Insuring the livelihood of social media influencers

Behind the glamor, these entrepreneurs require insurance and risk management tools

Insuring the livelihood of social media influencers

Insurance News

By Alicja Grzadkowska

Love them or hate them, social media influencers have a lot of clout with today’s consumers. In fact, 70% of teens trust influencers more than traditional celebrities, according to the Digital Marketing Institute. Just like any other entrepreneur, influencers need to protect their income as well as safeguard against other unexpected circumstances that might befall their business.

One of the risks that influencers can face is the rapidly changing pace of consumer tastes.

“A lot of the things that make an influencer very highly in demand are trend-related and can have a very limited shelf-life,” said Rachel Martinez, partner at Savitsky, Satin, Bacon & Bucci, which was recently acquired by insurance broker NFP. “But some of the top influencers that have maintained their brands and have grown over the years are pretty savvy to that and they shift with it, so while it could be argued that somebody could be ‘the flavor of the month,’ the ones who do it best are able to evolve.”

Another unique aspect to their business is that influencers tend to be younger business owners. That means crafting wealth protection strategies, including the right insurance, to meet the sometimes limited life span of their careers.

“The age of the influencers skews younger than many other types of entertainment, and we build around that and try to make whatever the duration of their success is – whether it's incredibly long term or short-lived – financially meaningful for them,” explained Martinez. “We plan for that, knowing that many of them are in their late teens and we're their first step into financial well-being.”

Because of their reliance on social media platforms, one of the coverages that’s important for influencers is cyber insurance.

“When a client has a brand post obligation with a deadline, and they have lost access to their Instagram account or to their YouTube account through hacking and aren't able to meet their obligation, that has led to the rise of a conversation around what type of insurance would cover for that,” said Martinez. “Luckily, in all the circumstances that we've faced, we've been able to get access or get some sort of extension, but that has led to conversations about cyber insurance and what that covers.
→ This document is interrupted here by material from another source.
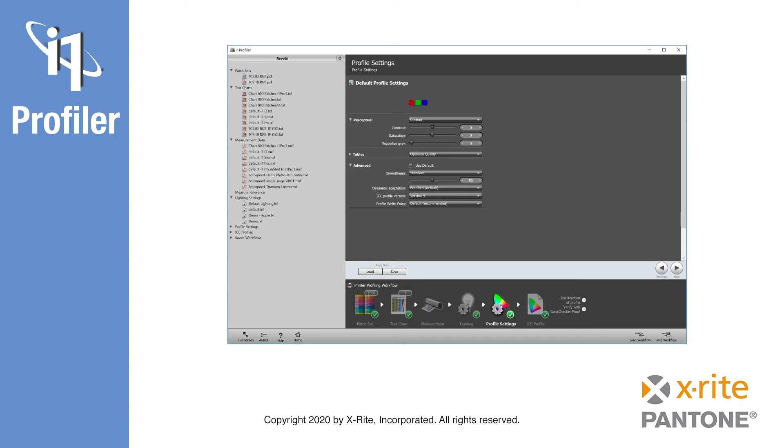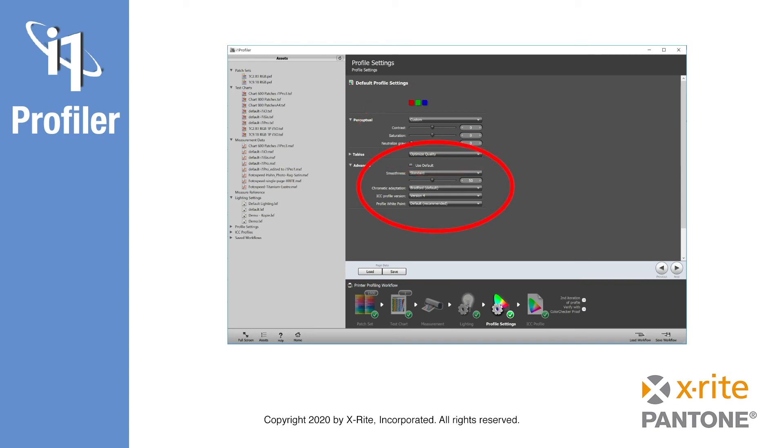As we are creating an RGB profile, there are no black generation or separation rules to define. As with CMYK profiles, you can still edit the saturation, contrast, and gray neutrality for the perceptual color mapping, as well as some general settings like profile size, ICC profile version, and profile white point.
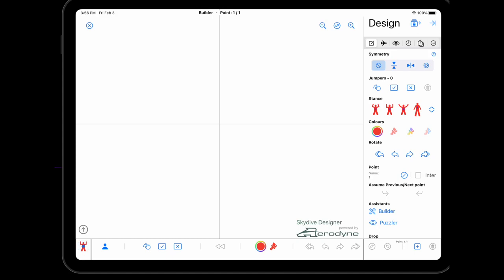This is a demonstration of the new builder feature in Skydive Designer version 4. It's a huge new feature I'm very excited that I've finally been able to bring this along, and it goes hand-in-hand with the puzzler feature which I'll show in a separate video.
And interestingly enough, it’s also [spotlighted] a type of coverage similar to a Special Appearance/ Unable to Perform coverage.”
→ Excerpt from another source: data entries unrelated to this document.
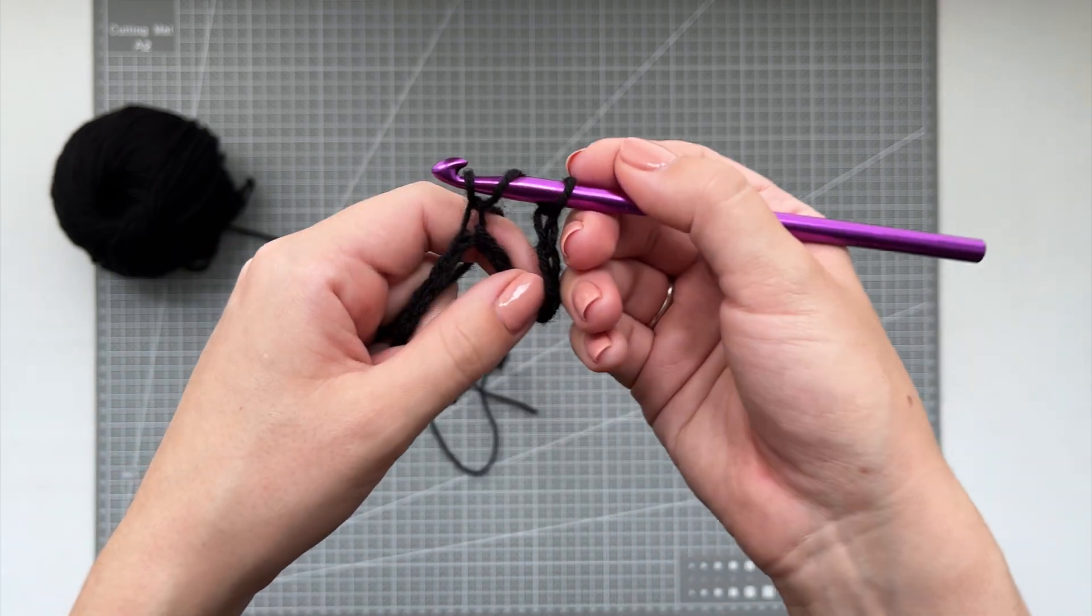Since I'm at the end, I'm going to chain 6, turn my work and now we do the same thing. We go into this very first gap with a double crochet, chain 3 and then just repeat the whole way down.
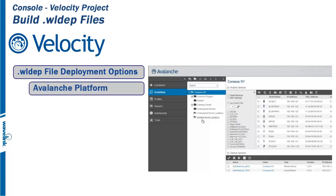First is using the Avalanche platform. If your devices are managed in Avalanche, you can use Velocity-specific payloads to deliver changes directly to devices for hands-free installation. Avalanche has built-in tools specific to Velocity, making it the preferred deployment method. This is a one-to-many solution.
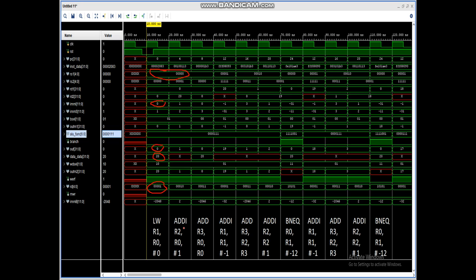The next instruction is add immediate R2, R0, hash 1. The first source is R0, so the address is R0, and the immediate value is 1. R0 data is 0. When we add 0 with 1, we get output 1. The destination is R2, and since the write enable register file signal is 1, it gets stored in register R2.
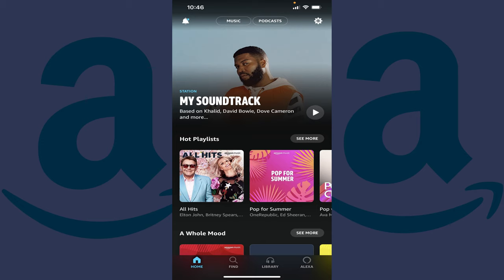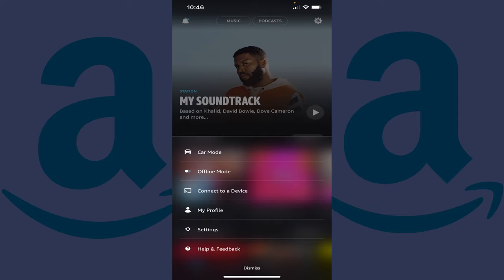Step 1. Launch the Amazon Music app on your iPhone, iPad, or Android device, and make sure you're logged in to the Amazon account associated with your Amazon Music subscription. You'll land on the Amazon Music home screen. Step 2. Tap the Settings icon at the top of this screen. A Settings menu opens on the screen.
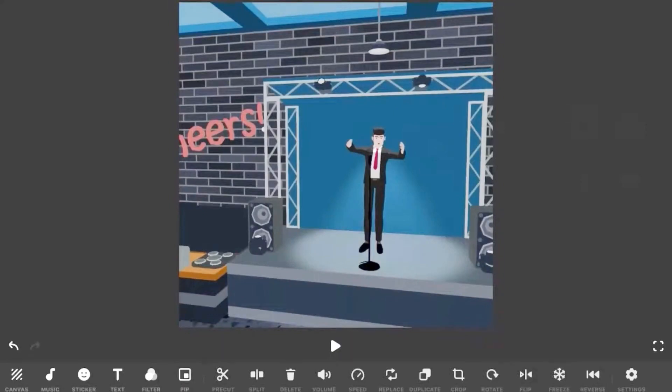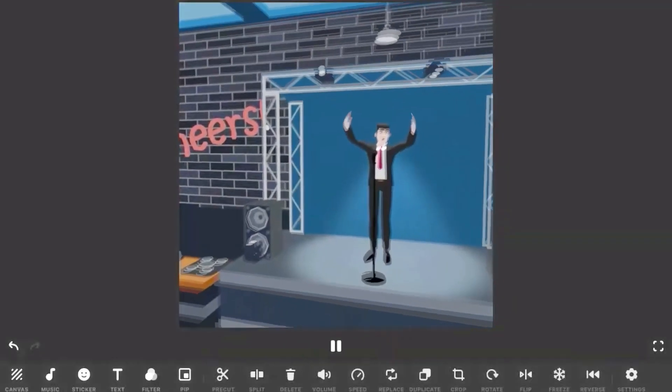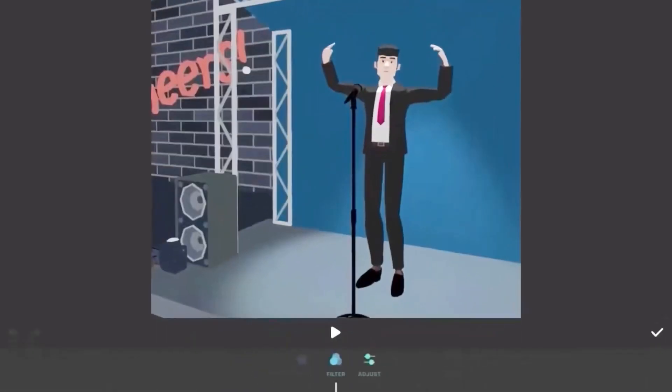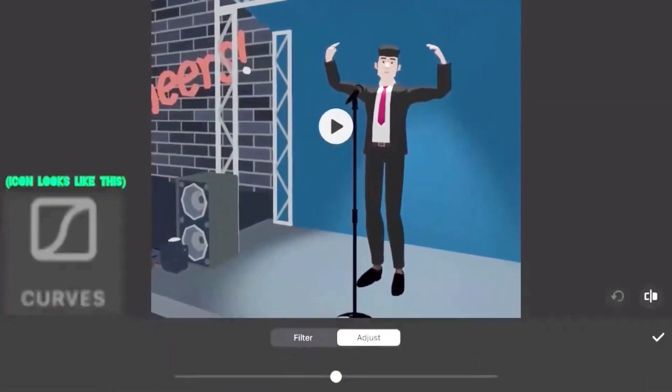You can choose any video you like — I chose this one. You need to go to filter, then adjust, then curves.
As for risk management, Martinez has a few tips on how influencer clients can weather the storm of changing tides of consumer preferences as well as the demise of certain social media platforms.

“They have a presence on many platforms at the same time, hedging their bets against a changing market,” she explained. “Part of that is the business side of it, and that there are different deals and different opportunities to be had in different platforms. The other side of that is that people follow the influencers to the platform that they're using the most heavily, so I think that rather than being hostage to those changes, that they help to influence those changes. But at the same time, they stay heavily involved with many things at one time and most of them cross-post – they cross-post to Facebook, Instagram, Twitter, and then link to their YouTube videos, all in the same post.”

On the other hand, there are reputational risks and financial ramifications that brands need to consider when working with influencers, in light of potentially devastating viral behavior that puts an influencer on the ‘outs’ with their following. However, Martinez notes that these risks are not as grave as other forms of brand sponsorships.

“The vast majority of the deals are not the brand ambassadorship, multi-year deals, where an influencer becomes the face of a brand, so there's much less of a concern of that kind of thing because the terms of their deals tend to be very short-lived,” she told Insurance Business. “‘In 60 days, we want three Instagram posts, three socials, three this, three that,’ and they're being paid to post about a brand, but that's really the duration of their relationship with the brand. Now, there are some circumstances where top influencers have had a more multi-year term like Lilly Singh with Olay or a wide variety of other kind of relationships like that, but the vast majority of them are very limited duration.

“As long as they can keep their nose clean for that short amount of time, they're good, but typically, there isn't a way for the brands to get out of paying them. If they, for some reason, decide they don't want them to do the post, they'd still be obligated to [pay] and they just then would not run them.”